Le frère ou la sœur pacsé du défunt ne peut bénéficier de l’exonération des droits de mutations prévue à l’article 796-0 ter du Code Général des Impôts

Cass. civ. ch. com., 28 mai 2025n n°21-16.632

Unions (mariage / pacs / concubinage), Patrimoine - Fiscalité

Enseignement de l'arrêt

En matière fiscale, la notion de célibat s’apprécie strictement et ne concerne pas uniquement le mariage du justiciable.

Le frère ou la sœur pacsé n’est pas considéré comme célibataire et ne peut bénéficier du régime d’exonération de l’article 796-0 ter du CGI.

Rappel du cadre légal

L’article 796-0 ter du Code général des impôts (CGI), introduit par la loi de finances pour 2007, prévoit une exonération des droits de mutation par décès au bénéfice des frères et sœurs du défunt.

« Est exonérée de droits de mutation par décès la part de chaque frère ou sœur, célibataire, veuf, divorcé ou séparé de corps, à la double condition :

1° Qu’il soit, au moment de l’ouverture de la succession, âgé de plus de cinquante ans ou atteint d’une infirmité le mettant dans l’impossibilité de subvenir par son travail aux nécessités de l’existence ;

2° Qu’il ait été constamment domicilié avec le défunt pendant les cinq années ayant précédé le décès. »

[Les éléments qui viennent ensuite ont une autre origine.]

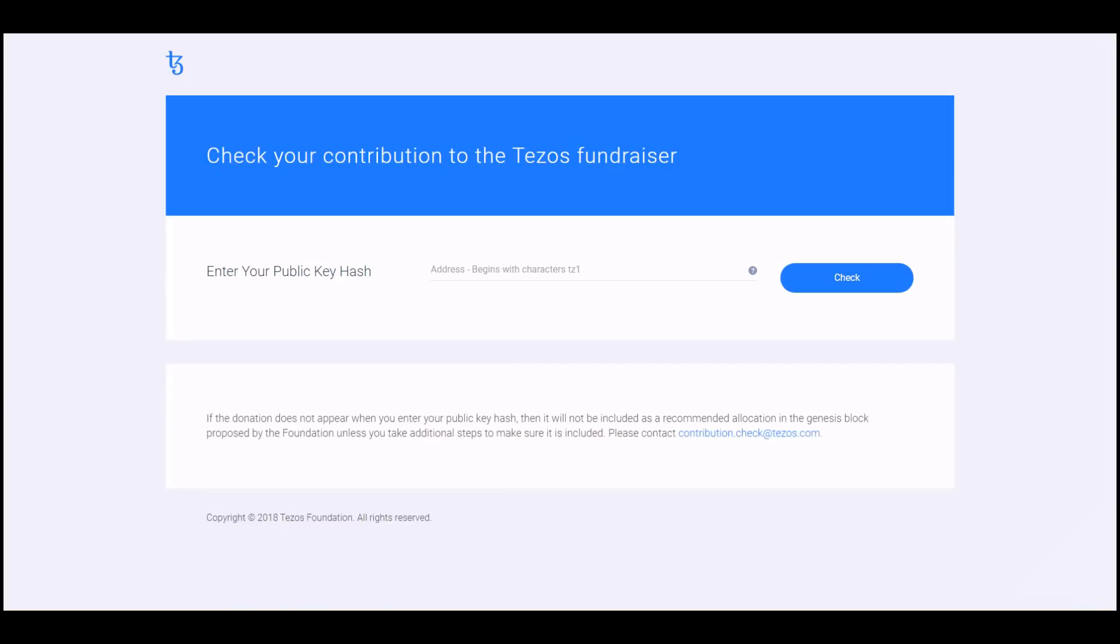Let's go over to that link and see what it looks like. Here is where you're going to enter your public hash key. This would have been the PDF generated from the donation. You'll enter yours here, click check, and then you'll see somewhere on this site the contribution you made.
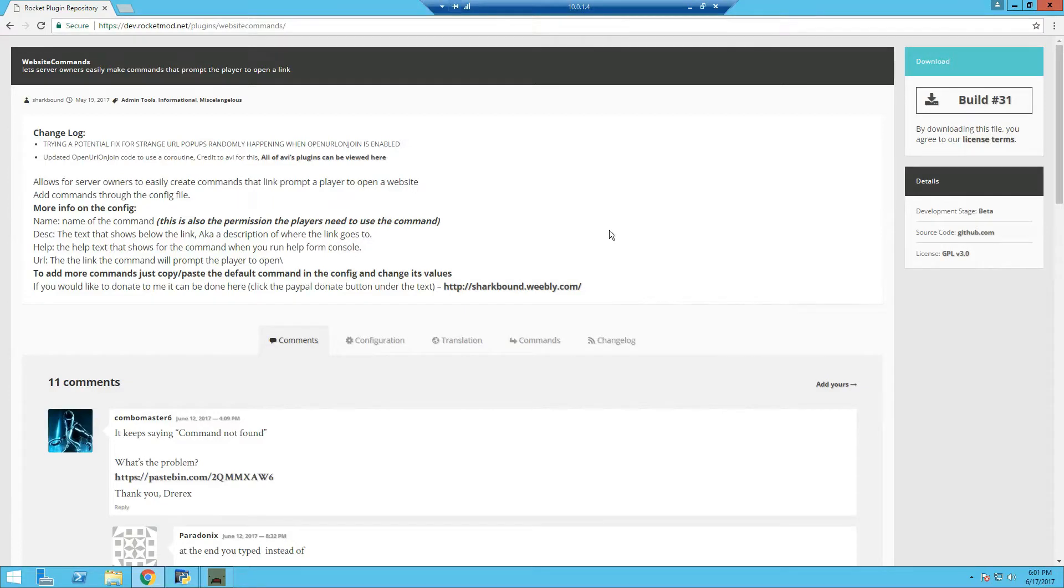Hey what's going on guys, CryptoCriticWarsen here and today I'm going to show you how to set up website commands for Unturned Rocket Server.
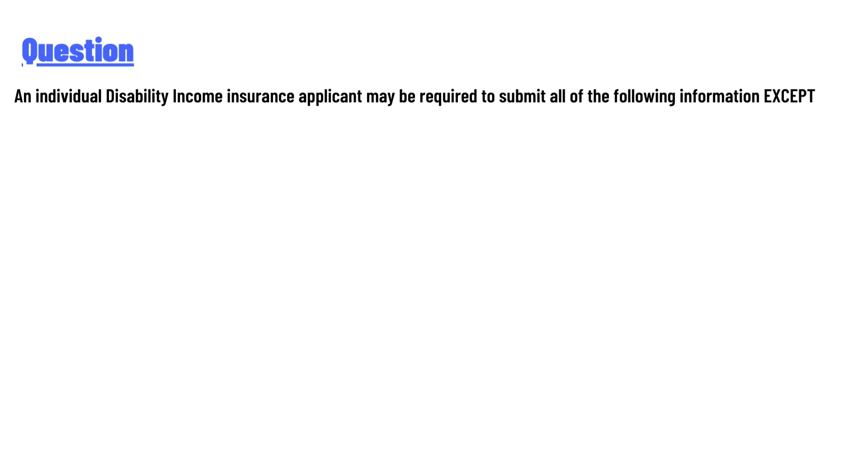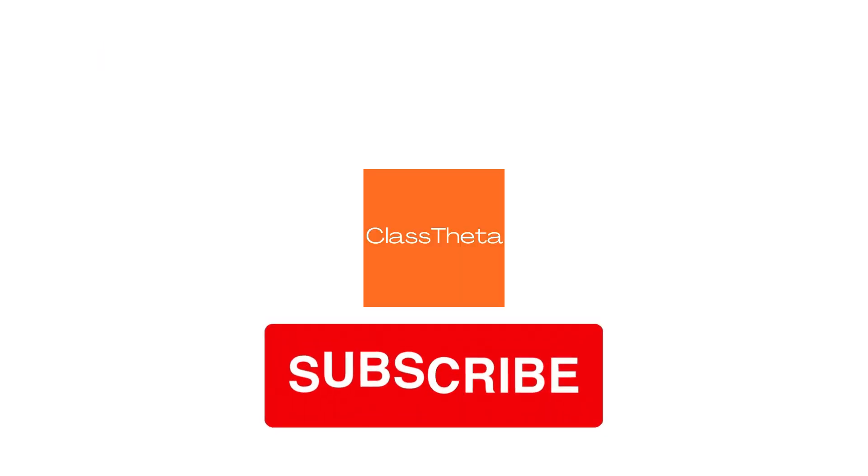be required to submit all of the following information except—and the answer is: spouse's occupation. Thank you for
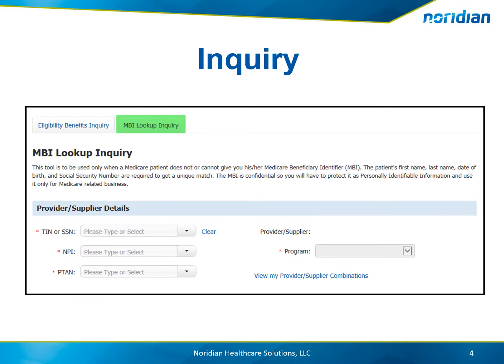Choose the MBI Lookup Inquiry tab. Next, choose the Tax ID, MPI, PTAN, and Program under Provider Supplier Details.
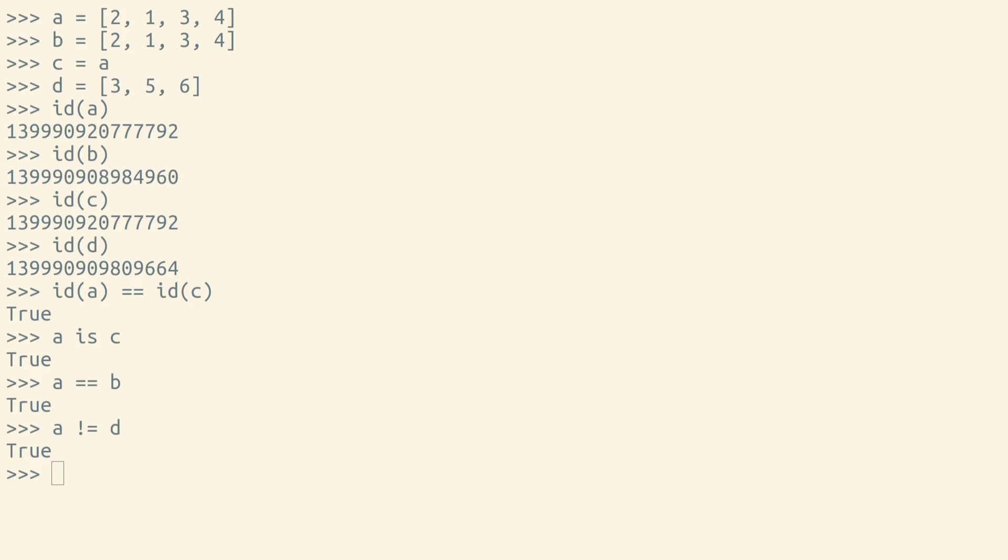Just as Python has an operator for identity, the is operator, there's also an operator for non-identity, the is not operator. The is not operator is one of the few operators in Python that's made up of two words with white space in the middle.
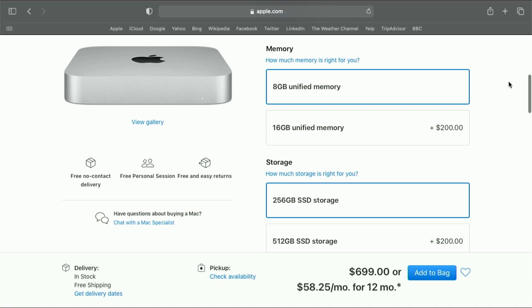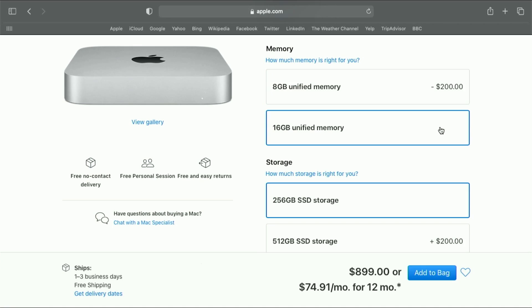Next, memory — you want as much as you can get. While M1 Macs seem to work great on eight gigs of RAM, over time with software updates this may wind up being on the lower end of what you actually need. So prioritize your spend here next.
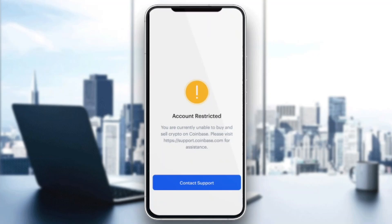Basically, there are a couple of reasons that you may be restricted on Coinbase. You may be a part of a scam, somebody stole your account, or something similar — or maybe they caught you doing something you shouldn't have been doing, maybe something illegal or something similar.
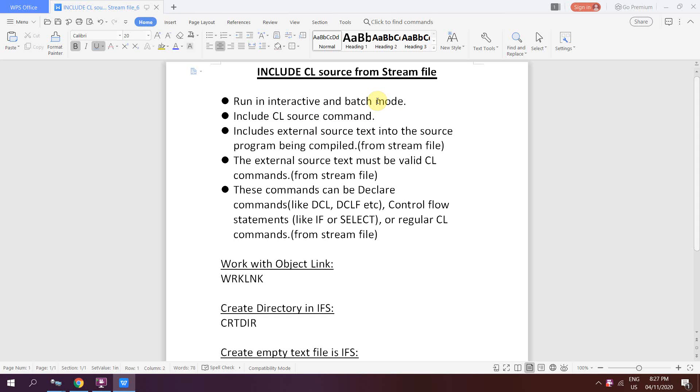Welcome to this channel, IBMI classes. This video session will talk about include CL source from stream file. In my previous video, I talked about the include CL source from a specified source physical file. Now I'll be focusing on the IFS. We will be including the source which is present in the form of stream file at the IFS location.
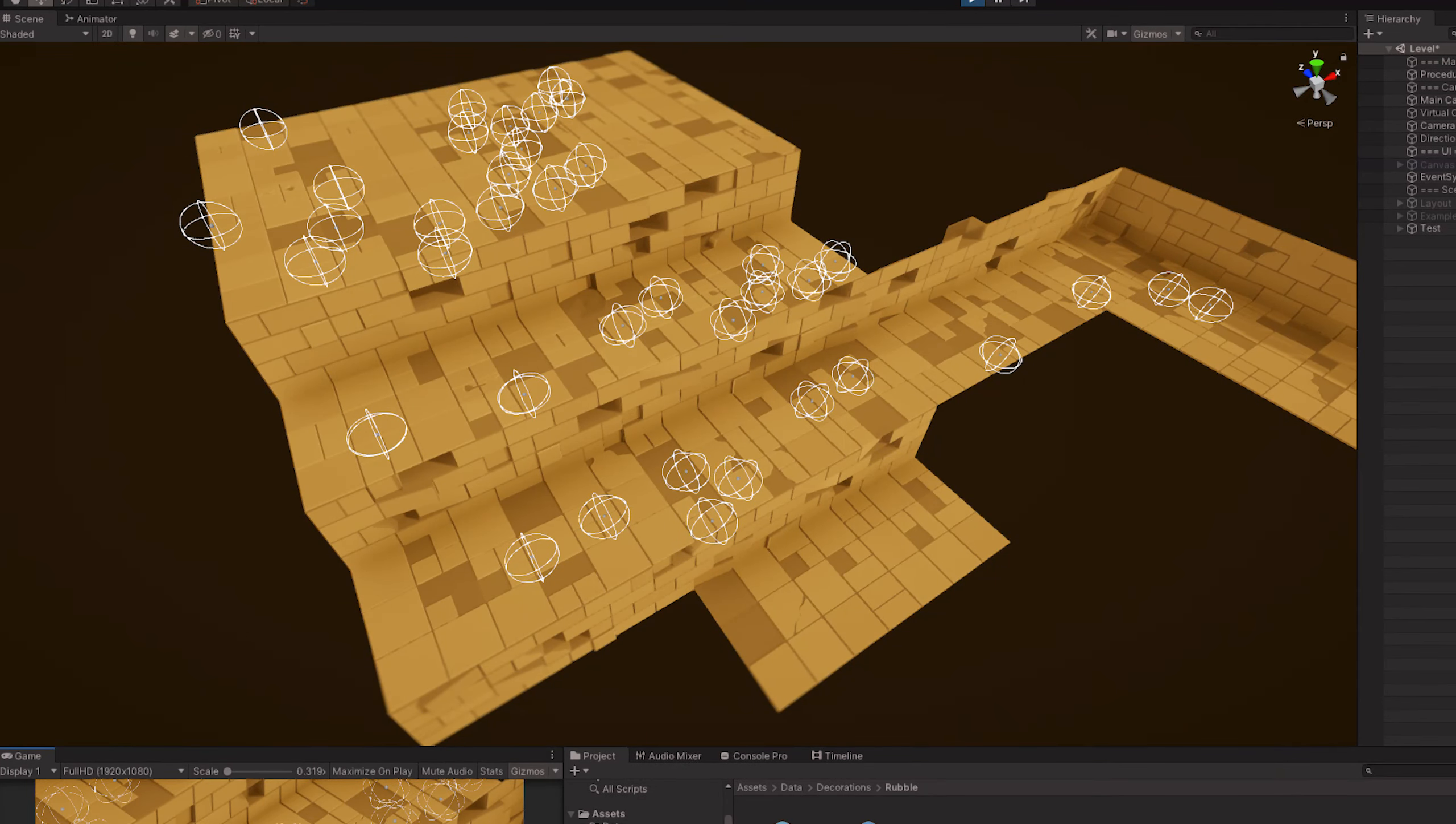These options allow me to generate a bunch of random ferns. But not only ferns. I can swap the meshes for some stones, change the position method, rotation method, and scaling, and now I have a random rubble generator.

Ce dispositif exceptionnel vise à protéger certaines personnes vulnérables ou âgées qui, ayant cohabité durablement avec un frère ou une sœur, se retrouveraient en difficulté si elles étaient contraintes de vendre leur logement pour acquitter des droits de succession

En raison de sa nature dérogatoire, cette exonération est d’interprétation stricte et les juridictions françaises, ainsi que l’administration fiscale, examinent avec rigueur les conditions requises. C’est par exemple le cas de la notion de « célibataire », qui a donné lieu à plusieurs contentieux, notamment en lien avec le PACS.

Faits et procédure

Les faits

Une femme décède en 2014, laissant pour seul héritier son frère, désigné légataire universel. Dans la déclaration de succession, celui-ci revendique l’exonération des droits de mutation par décès prévue à l’article 796-0 ter du CGI, en raison de sa cohabitation avec la défunte.  

La déclaration de succession est enregistrée en l’état, sans paiement de droits. 

En mai 2016 cependant, l’administration fiscale remet en cause cette exonération. Elle formule une proposition de rectification, au motif que le légataire universel était lié par un pacte civil de solidarité depuis 2002, ce qui exclurait donc la vérification de la condition de célibat exigée par le texte précité. 

Le légataire refuse cette proposition et conteste l’analyse de l’administration fiscale. Celle-ci rejette la contestation.

La procédure

A la suite de ce rejet, le légataire universel assigne l’administration fiscale aux fins d’obtenir décharge des suppléments d’imposition au titre des droits de mutation à titre gratuit.

Le légataire universel décède en cours d’instance. Sa propre légataire universelle reprend la procédure. 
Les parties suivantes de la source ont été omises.